Qualitative and quantitative recognition method of drug-producing chemicals based on SnO2 gas sensor with dynamic measurement and PCA weak separation

With the rampant drug crime, the detection of drug-producing chemicals has put forward the great demand of multi-type and multi-concentration on-line rapid detection. The rapid development of dynamic measurement for semiconductor gas sensors provides a solution to this problem. However, the mutual blend of type and concentration information negatively affects sensor performance. In this paper, principal component analysis (PCA) was used for weak separation of type and concentration; k-Nearest Neighbor (KNN) was used for qualitative recognition; polynomial regression was used for quantitative recognition.
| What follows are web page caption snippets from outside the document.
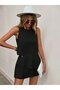 The Most Stylish Piece of Summer |   Women's Zero Sleeve Layered Shorts Skirt Blouse Double Set - 6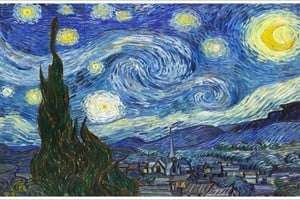 En la oscuridad del día concluido se destacan dos modos de vivencia nocturna: una es el "desconcierto", la confusión y, la otra, una particular "omnipotencia", la ampliación de los límites que nos impone la vida diurna. Imagen de referencia: "La noche estrellada", de Vincent van Gogh, óleo sobre lienzo, año 1889.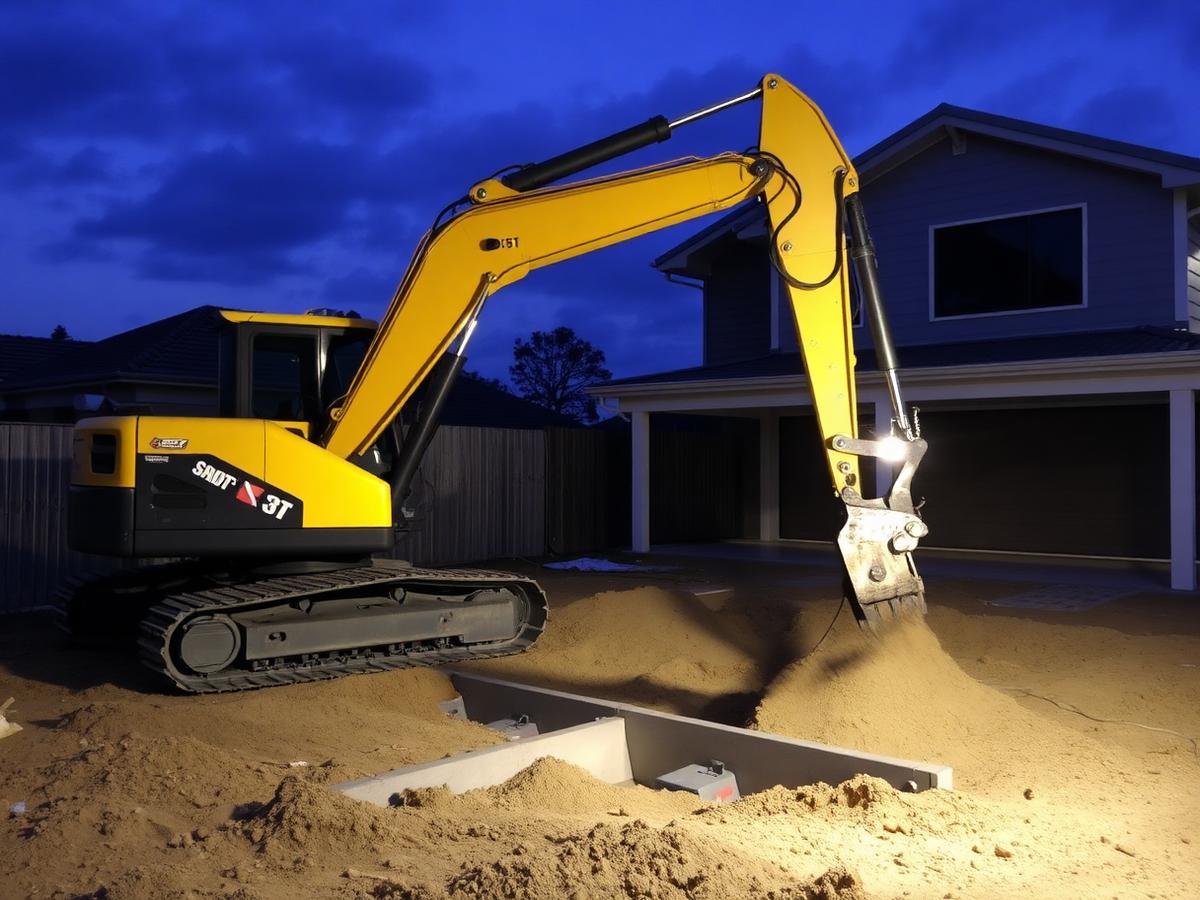 Excavation services in the Illawarra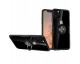 Husa Spate Premium Iring Metalic Upzz Clear iPhone 12 Mini , Cu Ring Metalic Pe Spate Transparent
The physical meaning of the dynamic response signal after PCA transformation was first proposed: PC1 has a weak concentration meaning; the combination of PC2, PC3, and PC4 has a weak type meaning. Based on the weak separation, the stepwise recognition method of qualitative classification and quantitative regression was first used to improve the recognition rate, the resolution and the generalization performance of the sensor. Using the inverse transformation of PCA, the principle of PCA and the method of ideal data verified the feasibility of this method. The qualitative and quantitative recognition of various drug-producing chemicals had been realized, which is a new way of on-line rapid sensor detection for drug-producing chemicals.